Given the recent protests of a Charles Murray lecture at Middlebury College in Vermont, and the injuries to the professor who interviewed him, some have asked why the Matthew J. Ryan Center at Villanova University has invited him to speak this week. What do we hope to achieve, they inquire, and, given the controversy, why haven't we rescinded the invitation?

We are happy to respond to these questions.

Murray's lecture on Thursday is part of an annual lecture series sponsored by the Ryan Center on American Political Ideas. We selected the topic - the administrative state and government over-regulation - last spring. Murray's latest book, By the People: Rebuilding Liberty Without Permission, examines this topic in detail, and thus he seemed a good fit for the lecture. This book builds upon the theme of his last (Coming Apart), which argued that class (not race) is the primary factor contributing to the fragmentation and polarization in American society. We should also note that Murray spoke at Villanova three years ago, without controversy.

Through this event we hope to achieve a greater awareness of the growth of the administrative state and its effects on civic discontent and fragmentation in America. This is reflected in the title Murray has given his lecture: "What Does Trumpism Mean for Liberty in the Long Run?"

In light of the events at Middlebury and the accusations there and at Villanova that Murray is a "white supremacist," some wonder why we haven't disinvited him.

First, we simply don't agree with this description of Murray. Second, four other universities - Duke, Columbia, New York University, and Notre Dame - have had this conversation in recent weeks, and all concluded that Murray should be allowed to speak. They decided that, while many faculty strongly repudiate Murray's work, his right to speak is a matter of academic freedom. We concur.

A number of members of the Villanova community believe Murray's work to be beyond the pale, even racist, and worry that bringing him to campus makes us complicit in his moral turpitude.

Our response to these questions is clear: While the purpose of the university prohibits the stifling of views with which one disagrees, it is also true that the moral obligation of all decent people is to reject racism in toto.

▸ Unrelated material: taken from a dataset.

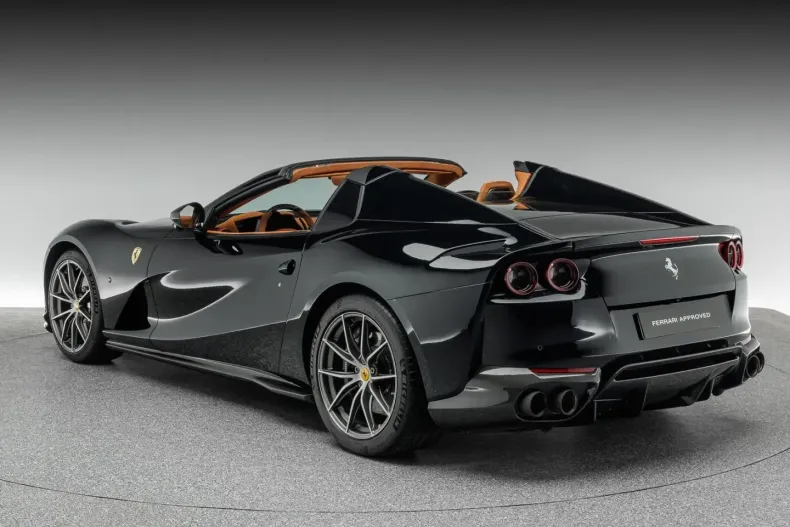 Ferrari 812 din 2023 cu 1.900 km - oferta FER117203 - foto 3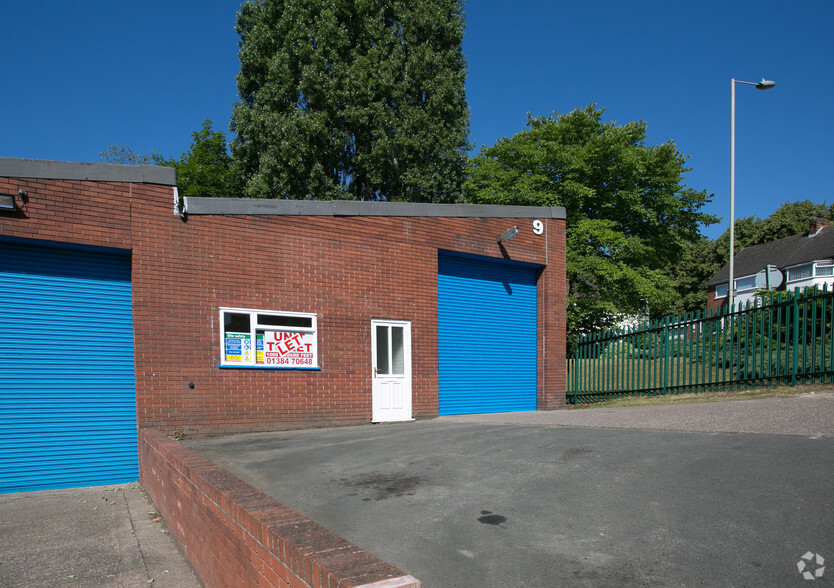 Delph Rd, Brierley Hill for rent - Building Photo - Image 2 of 2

As to the the allegations against Murray, some are demonstrably untrue, others are robustly controverted. Murray is not an "admitted racist and sexist," as some claim. He himself denies the charges, strenuously, and we recommend reading his response to the Southern Poverty Law Center's attacks. In addition, many decent and fair-minded people have maintained that his work has been unjustly anathematized and unfairly maligned. At the very least, a genuine concern for the truth would suggest that any attacks be factually accurate and based on his actual words.

Our commitment as an academic community is to engage in the search for truth by way of the critical examination of ideas, argument, and evidence. We hope that this current controversy at Villanova will not mark a turning point away from the university's dedication to these processes, and that we as a community will reaffirm our commitment to "respect and encourage the freedom proposed by St. Augustine, which makes civil discussion and inquiry possible and productive."

To do otherwise means abandoning our mission as a university and allowing the worst in our troubled culture to stifle and silence the better impulses of our nature. President Barack Obama was clear on this point during his commencement address at Howard University:

"Don't try to shut folks out, don't try to shut them down, no matter how much you might disagree with them. There's been a trend around the country of trying to get colleges to disinvite speakers with a different point of view, or disrupt a politician's rally. Don't do that - no matter how ridiculous or offensive you might find the things that come out of their mouths."

We could not agree more.

Without our expecting or intending it, Murray's lecture at Villanova has presented our community with a challenge. How will we respond? Will we shout down, accuse, and turn our backs on one another? Or will we use the opportunity to engage in a genuine and meaningful dialogue, taking account of our differences and respecting each others' sincerely held views?

Will we practice the Augustinian values of veritas, unitas, caritas, working together in pursuit of the truth and with generosity of heart? Or will we fail of our charge? It may be that as we speak, and listen, we shall find common ground; it may be that we will continue to disagree. But perhaps in the process we may find respect for the principled commitment and even temerity of those with whom we've spent time in honest conversation.